5. Show appreciation
In the workplace, we quickly get used to negative feedback, criticizing each other, and accusing our colleagues of incompetence. We take well-performed tasks for granted and forget that one of the greatest motivators is praise and gratitude. In fact, 26% of employees admit that the highest barrier to loyalty to the company is a lack of appreciation and not being valued by their colleagues.
What can you do to recognize your employees?
Celebrate success. Build a culture of immediate celebration of success through company-wide announcements on group chats, thank-you notes, lunches or casual treats, and so on. Tyler Butler, founder and CEO of 11Eleven Consulting, says: “Bring in doughnuts or have a pizza party at lunch on the company dime. This type of reward will not only bring your office together and strengthen their interpersonal relationships, but it will also give them all the feeling of being appreciated.”
Keep appreciation records. Bobby Augst, a co-founder of Cloud 9 Living, talks about The Good Deeds book, which can be an effective way to recognize employee accomplishments. In this book, everyone can write about their colleagues’ good deeds and achievements. Every week, the team gathers to read out the previous week’s entries. This is a great way to highlight employees’ accomplishments that might otherwise go unnoticed and bring the team together.

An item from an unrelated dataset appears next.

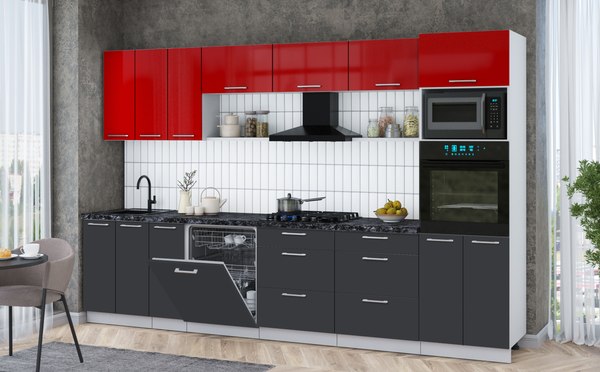 Кухонный гарнитур Интерлиния Мила Gloss 3.3-ПМ1-2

Support pet projects and entrepreneurship. If your employees have a startup spirit, nurture it. Start with a corporate policy that states your openness to employees’ pet projects and startups. Formal support from an organization empowers employees.
Many people face issues like a lack of time and resources to implement their ideas at the beginning of their startup journey. Remove those hurdles by introducing days or hours for personal projects, grants, and financial support.